A person may look older than he/she actually is because sun exposure and repeated sunburns accelerate the aging process of the skin. Photoaging may cause:

-    Freckles, which usually appear on the face and shoulders
-    Dry, rough skin
-    Deep wrinkles
-    White macules on the lower arms and legs
-    Fine red veins on the ears, nose and cheeks
-    Thinner and more translucent-looking skin
-    A decrease in the strength and elasticity of the skin due to the weakening of connective tissues.
-    Large brown lesions or macules on the face, arms, back of hands, upper back and chest (liver spots or solar lentigines).

In the sun-exposed areas of the skin, actinic keratoses (also called solar keratoses) appear as rough and scaly areas. They are considered precancerous because they usually evolve into skin cancer. They may be whitish, pink or flesh-colored to brown or dark brown colored patches. These actinic keratoses usually appear on the face, ears, lower arms and backs of the hands of people whose fair skin has been damaged by the sun.

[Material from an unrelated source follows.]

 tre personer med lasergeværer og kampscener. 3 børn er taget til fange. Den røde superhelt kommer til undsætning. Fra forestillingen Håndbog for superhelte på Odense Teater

The DNA of the skin cells may be damaged by intense sun exposure, leading to skin cancer. The arms and hands, scalp, face, neck, lips, chest, ears, on the legs in women and other areas that are more exposed to the sun are the areas where skin cancer develops.

Some types of melanoma may develop in areas that have been exposed to the sun for long periods. Also known as lentigo maligna, these will start as dark flat spots that become larger and darker. In other cases, an existing mole may change or a new, suspicious-looking mole may develop. Other types of skin cancer may appear as a small growth or as a sore that bleeds, crusts over, heals and then reopens.

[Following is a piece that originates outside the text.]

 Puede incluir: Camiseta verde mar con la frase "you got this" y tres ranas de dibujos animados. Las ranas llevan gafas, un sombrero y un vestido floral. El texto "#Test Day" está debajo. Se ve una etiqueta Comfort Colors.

In case someone notices a sore that doesn't heal, a change in the appearance or texture of a mole, a new skin growth or a bothersome change in the skin, they should see a doctor.

The retina, which is the thin layer of tissue that lines the back inner wall of the eyeball, may be damaged by UV light. The sun may also burn the eyes, damaging the lens, which is the clear structure inside the eye. Cataracts, the condition marked by the progressive clouding of the lens, may also be caused by sunburn.

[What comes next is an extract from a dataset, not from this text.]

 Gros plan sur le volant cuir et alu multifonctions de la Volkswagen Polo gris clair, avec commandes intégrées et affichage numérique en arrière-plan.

Even though treatment for sunburn may reduce pain, swelling and discomfort, however, it won't heal or prevent damage to the skin. Applying a cool compress, applying an aloe vera lotion and taking an over-the-counter (OTC) anti-inflammatory medication are some of the self-care measures that may be helpful. Based on the severity of the burn, sunburn may resolve on its own within several days.

A person may be prescribed some of the medications mentioned below in case their sunburn is very severe or if self-care measures don't help:

In case these nonsteroidal anti-inflammatory medications are given as soon as symptoms appear, they may be quite helpful in relieving pain, swelling and inflammation. All of the types of NSAIDs may irritate the stomach and intestine. Additionally, over-the-counter (OTC) NSAIDs are less potent than prescription ones.

Corticosteroid medications:
Because corticosteroids stop being effective beyond 24 to 48 hours after the sunburn, they aren't prescribed very often. However, when given in time, they can increase the rate at which the skin heals, as well as reducing pain and swelling. One example is prednisone.